Question 3 True / False
In the Calvo model, a firm that has been unable to reset its price for the past 3 periods is no more likely to reset next period than a firm that just reset.
TTrue
FFalse
Answer: True
This is the defining feature of Calvo pricing: the reset probability (1 − θ) is constant and memoryless — independent of how long the firm has been stuck or how misaligned its price has become. This is sometimes called the 'Calvo lottery.' It is mathematically convenient (it generates a tractable, stationary distribution of price vintages) and is the key assumption that makes DSGE models analytically solvable. The assumption is a simplification — in reality, firms with severely misaligned prices are more likely to update — but it is tractable and empirically reasonable on average.
Question 4 True / False
The Calvo model predicts that firms adjust prices frequently in small increments, keeping prices nearly generally close to their optimal level.
TTrue
FFalse
Answer: False
The Calvo model predicts the opposite: firms adjust prices infrequently (only when they receive a random 'green light') and in large increments when they do adjust, because their prices may have drifted far from optimal during the period of being stuck. The realistic feature of Calvo pricing is that it generates lumpy, infrequent price changes, not continuous small adjustments. This matches empirical evidence showing prices are often unchanged for months before jumping by several percentage points when they do change.
Question 5 Short Answer
Explain why the Calvo pricing mechanism implies that current inflation depends on expected future inflation, not just current economic conditions.

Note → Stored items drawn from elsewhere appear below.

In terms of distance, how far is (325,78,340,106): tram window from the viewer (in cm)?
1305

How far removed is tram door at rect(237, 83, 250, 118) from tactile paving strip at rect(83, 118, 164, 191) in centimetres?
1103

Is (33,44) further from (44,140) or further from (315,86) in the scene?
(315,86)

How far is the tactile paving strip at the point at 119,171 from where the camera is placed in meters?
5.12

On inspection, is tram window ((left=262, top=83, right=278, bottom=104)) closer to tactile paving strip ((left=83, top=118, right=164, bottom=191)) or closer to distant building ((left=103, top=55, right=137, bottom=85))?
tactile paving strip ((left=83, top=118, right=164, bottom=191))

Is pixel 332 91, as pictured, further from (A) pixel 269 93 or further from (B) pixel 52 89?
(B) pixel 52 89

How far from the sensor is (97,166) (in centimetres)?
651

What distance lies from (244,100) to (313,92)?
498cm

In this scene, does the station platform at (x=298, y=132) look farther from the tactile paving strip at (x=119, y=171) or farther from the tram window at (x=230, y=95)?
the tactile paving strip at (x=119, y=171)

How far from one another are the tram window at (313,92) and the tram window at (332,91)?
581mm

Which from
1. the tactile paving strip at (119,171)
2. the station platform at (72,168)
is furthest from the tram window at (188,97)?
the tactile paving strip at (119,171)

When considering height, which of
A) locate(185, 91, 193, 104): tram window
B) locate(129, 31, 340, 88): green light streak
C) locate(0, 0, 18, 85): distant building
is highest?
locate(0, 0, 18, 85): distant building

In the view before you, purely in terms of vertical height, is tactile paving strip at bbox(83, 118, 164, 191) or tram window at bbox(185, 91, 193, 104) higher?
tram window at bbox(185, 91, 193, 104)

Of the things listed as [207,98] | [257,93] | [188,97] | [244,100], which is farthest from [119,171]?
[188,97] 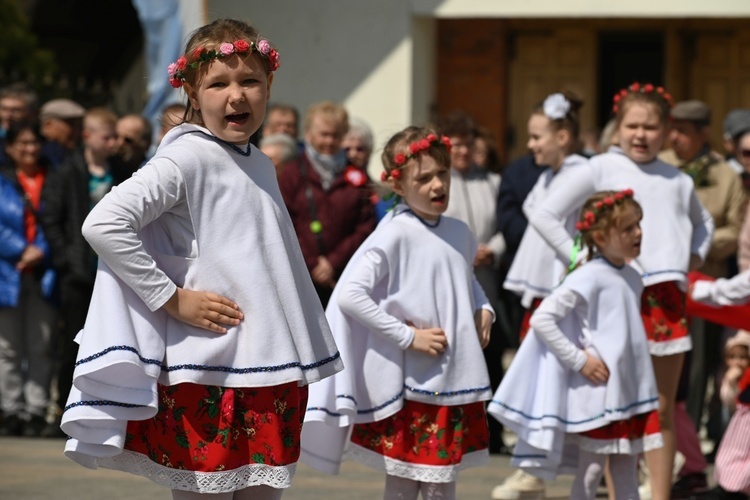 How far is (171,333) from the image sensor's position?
13.8 ft

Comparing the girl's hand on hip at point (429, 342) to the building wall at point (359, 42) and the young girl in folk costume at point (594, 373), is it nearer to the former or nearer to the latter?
the young girl in folk costume at point (594, 373)

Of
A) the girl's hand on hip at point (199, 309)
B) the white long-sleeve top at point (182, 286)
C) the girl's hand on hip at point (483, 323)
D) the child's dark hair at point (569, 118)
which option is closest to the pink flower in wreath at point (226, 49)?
the white long-sleeve top at point (182, 286)

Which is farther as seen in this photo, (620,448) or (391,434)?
(620,448)

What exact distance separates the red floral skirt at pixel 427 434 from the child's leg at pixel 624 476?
820 millimetres

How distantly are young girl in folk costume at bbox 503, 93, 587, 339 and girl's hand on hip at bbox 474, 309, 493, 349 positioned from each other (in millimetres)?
1484

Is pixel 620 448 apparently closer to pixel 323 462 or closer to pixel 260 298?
pixel 323 462

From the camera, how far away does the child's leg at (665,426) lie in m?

Think about your answer, then reveal below.
Model answer: When a firm resets its price, it will be stuck with that price for an uncertain number of future periods. To maximize expected profit over this horizon, it must choose a price that is optimal not just today but on average across all future periods it might be stuck. If the firm expects higher inflation in future periods — meaning the aggregate price level will be higher — then the currently optimal reset price must be set above the current optimum to avoid being underpriced in future periods. Since a fraction of all firms is resetting today and each is forward-looking in this way, aggregate inflation today reflects the collective forward-looking price-setting decisions, which embed expectations about future inflation. This is the mechanism behind the New Keynesian Phillips Curve: πₜ = βEₜπₜ₊₁ + κxₜ.
The key insight is that price stickiness makes today's pricing decisions implicitly about the future. A fully flexible firm would only optimize for today; a Calvo firm must hedge across an uncertain future duration of price freezing, embedding expectations into current inflation.